Anwendungsbereiche:Oberlid
Behandlungsdauer:1-2 Stunden
Betäubung:örtlich, Vollnarkose
Nachbehandlung:Kühlung
Fadenzug:1 Woche
Gesellschaftsfähigkeit:2 Wochen
Kosten:2500

Augenlidstraffung


Ein Blick in die Augen verrät viel über einen Menschen. Nicht umsonst gelten die Augen als Spiegel der Seele. Die empfindliche Region mit ihren feinen Strukturen ist jedoch kontinuierlich äußeren Umwelteinflüssen ausgesetzt. Im Zuge des natürlichen Alterungsprozesses verliert die dünne Haut ebenso wie das feine elastische Gewebe rund um die Augen an Elastizität. Die Augenpartie beginnt zu erschlaffen und kann sich mit der Zeit vorwölben.

Mit einer operativen Lidstraffung geben wir der sensiblen Augenpartie ihre jugendliche Spannkraft zurück. Die Augenregion wirkt nach dem Eingriff sichtbar verjüngt und erfrischt. In der Regel profitiert der gesamte Gesichtsausdruck von der Augenlidstraffung. Schließlich prägen die Augen unsere Ausstrahlung wie kaum eine andere Körperpartie und sind entscheidend dafür, wie wir von unseren Mitmenschen wahrgenommen werden.
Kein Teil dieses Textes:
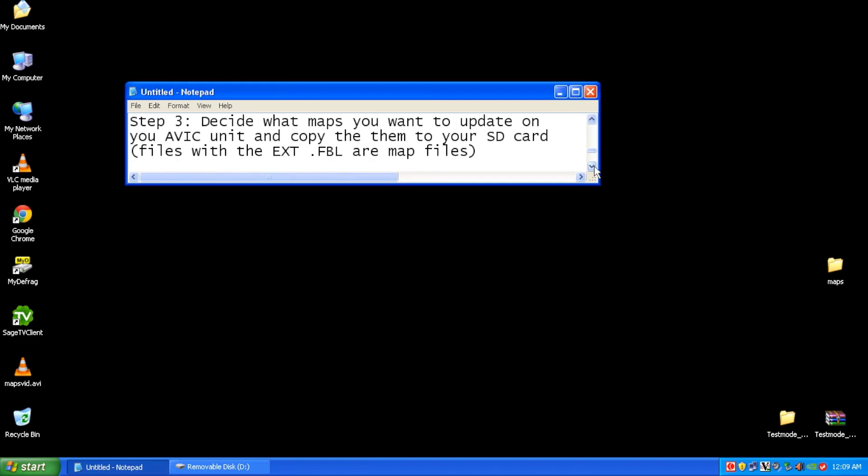Step three, once you have downloaded the updated maps onto your computer, you need to copy over the updated maps for your states. Now a little warning here, you can't just update all the maps on your head unit, there's just simply not enough room to do this. So what you need to do is choose what particular states you want to update. Now the maps themselves have a file extension of FBL. Choose the ones that you want to do.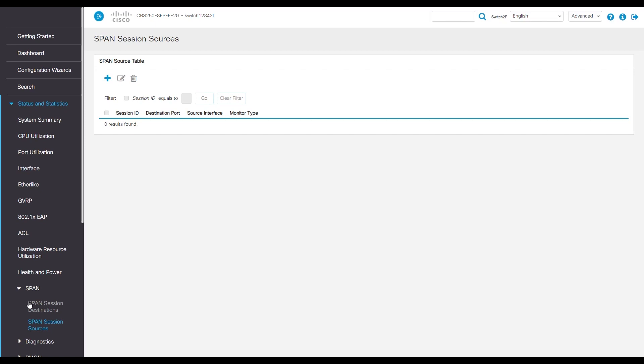For this example, let's say we have a voice phone that's having issues. We would make the phone our source and the destination. We'll put the packet analyzer in the port. We'll use Wireshark for this example.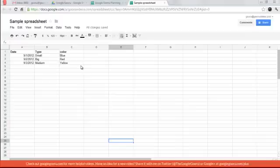This ability existed before but only in Google Docs, so now you can do it on spreadsheets too.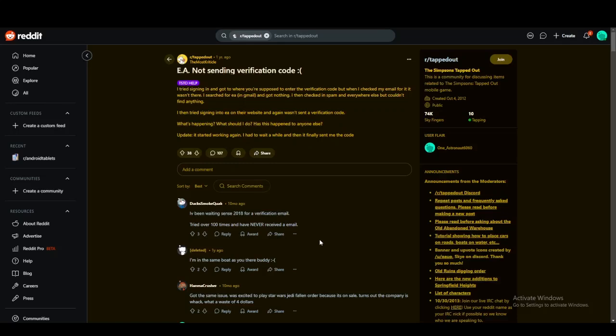A lot of the time EA might send you a verification code when you're either signing in or going through your two-factor authentication and you might not get it.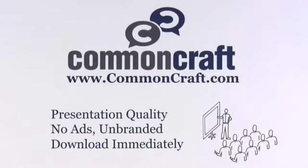Do you need this for work? Find presentation-quality, unbranded versions of all CommonCraft videos at CommonCraft.com.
Häufige Fragen zur Augenlidkorrektur

Eine kombinierte Straffung der Ober- und Unterlider ist durchaus möglich. In diesem Fall sollte die Lidkorrektur allerdings in Vollnarkose erfolgen.

Bei der Augenlidstraffung entstehen lediglich winzige Narben, die später mit bloßem Auge kaum sichtbar sind. Bei der Oberlidstraffung verläuft die Narbe in der Lidfalte. Bei der Unterlidstraffung werden die Hautschnitte dicht unter dem Wimpernkranz gesetzt, sodass die späteren Narben auch hier kaum zu sehen sind.

Neben den allgemeinen OP-Risiken besteht bei der Lidstraffung vor allem die Gefahr einer Überkorrektur. Wird am Oberlid zu viel Haut entfernt, kann es zu einer Nervverletzung und infolgedessen zu einem Hängelid (Lidptosis) kommen. Die Augenschließfunktion kann ebenfalls beeinträchtigt sein. Eine Überkorrektur am Unterlid kann unter Umständen ein sogenanntes Triefauge (Ektropium) zur Folge haben.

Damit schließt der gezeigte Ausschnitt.